Test Bmw i3, una stretta di mano tra elettrico e carbonio. Foto

La nuova "baby" di casa Bmw cambia un po' i connotati al marchio di Monaco di Baviera

È ora di "mettere i puntini sulle i" verrebbe da dire per la BMW i3, il primo modello del nuovo sotto-marchio "i".

La nuova baby della casa di Monaco di Baviera è un’auto elettrica con un telaio realizzato completamente in fibra di carbonio, qualcosa di diverso per un marchio che ci ha abituati da sempre a macchine sportive e di qualità, oltre che a motori tecnologicamente al top.

All’esterno si nota subito come il suo look di "rottura" funzioni molto meglio dal vivo che in foto.
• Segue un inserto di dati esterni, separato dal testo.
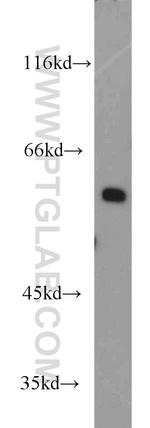 STIP1 Antibody in Western Blot (WB)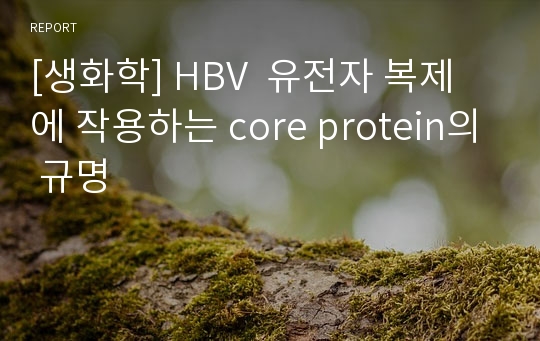 [생화학] HBV  유전자 복제에 작용하는 core protein의 규명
Belli i fari anteriori e posteriori a Led, il marchio BMW incorniciato di azzurro e la calandra a "doppio rene" carenata che migliora l’aerodinamica.

Le linee della fiancata non attraggono un gran che fino a quando il meccanismo di apertura "ad armadio" non apre le porte che, grazie alla scocca in fibra di carbonio, possono permettersi di fare a meno del montante centrale, una soluzione che vuole da subito offrire comodità per 4 passeggeri.

L’abbinamento tra la fibra di carbonio, lasciata a vista, e lo strato di legno "curvato" sulla parte alta della console e con i due display della strumentazione ricrea l’atmosfera tipica di una accogliente casa arredata in stile moderno; il materiale plastico riciclato PET, oltre a ricoprire i sedili, riveste anche la parte superiore della plancia, mentre lo spazio interno è ben sfruttato ed più grande della Serie 3 nonostante la i3 fuori sia più corta di una BMW Serie 1.

L’aspetto piacevole della guida è la spinta corposa del motore elettrico da 170 CV e 250 Nm.

La i3 non è solo agile allo spunto, grazie alla tipica prontezza della propulsione elettrica, ma anche in allungo, grazie alla trazione posteriore, e in ripresa.

Nonostante tutto il peso delle batterie sia concentrato in basso la i3 ha un buon comportamento dinamico, la rigidezza della scocca, poi, in fibra di carbonio, fa il resto in termini di handling e di risposta delle sospensioni montate su ruote così alte e strette che restituiscono una risposta al volante davvero molto particolare.

I pneumatici di dimensioni inconsuete permettono di cambiare direzione con minimi angoli di sterzo, rendendo la i3 molto agile e maneggevole, mentre per il capitolo comfort la sensazione è quella di essere in un abitacolo ben insonorizzato anche dal tipico sibilo del motore elettrico.

La domanda ora è se ha senso spendere 36.000 o 40.800 euro, in base alla versione scelta, per  avere 120-150 km di autonomia nell’uso reale, cosa che non rende la i3 una vera e propria “prima auto”.

L’unica soluzione sembrerebbe quella di doverla acquistare insieme ad altri modelli BMW per i viaggi più lunghi attendendo che il futuro processo di elettrificazione dell’auto porti ad un cambio di mentalità.

Confrontando i consumi sulla base di 20.000 km annui si può dire che una BMW 118d consuma in media 5,5 litri di gasolio ogni 100 km, che a 1,65 euro/litro porta ad una spesa di circa 1.800 euro all’anno.

Dall’altra parte con un costo medio dell’energia elettrica di quasi 0,30 euro ogni kWh, gli stessi consumi si traducono in circa 900 euro di spesa annua considerando per la i3 un consumo medio di 15 kWh ogni 100 km. A parte questi dati l’esperienza di guida che si prova su un’auto elettrica, che in pratica azzera lo stress al volante, non è di certo cosa da poco.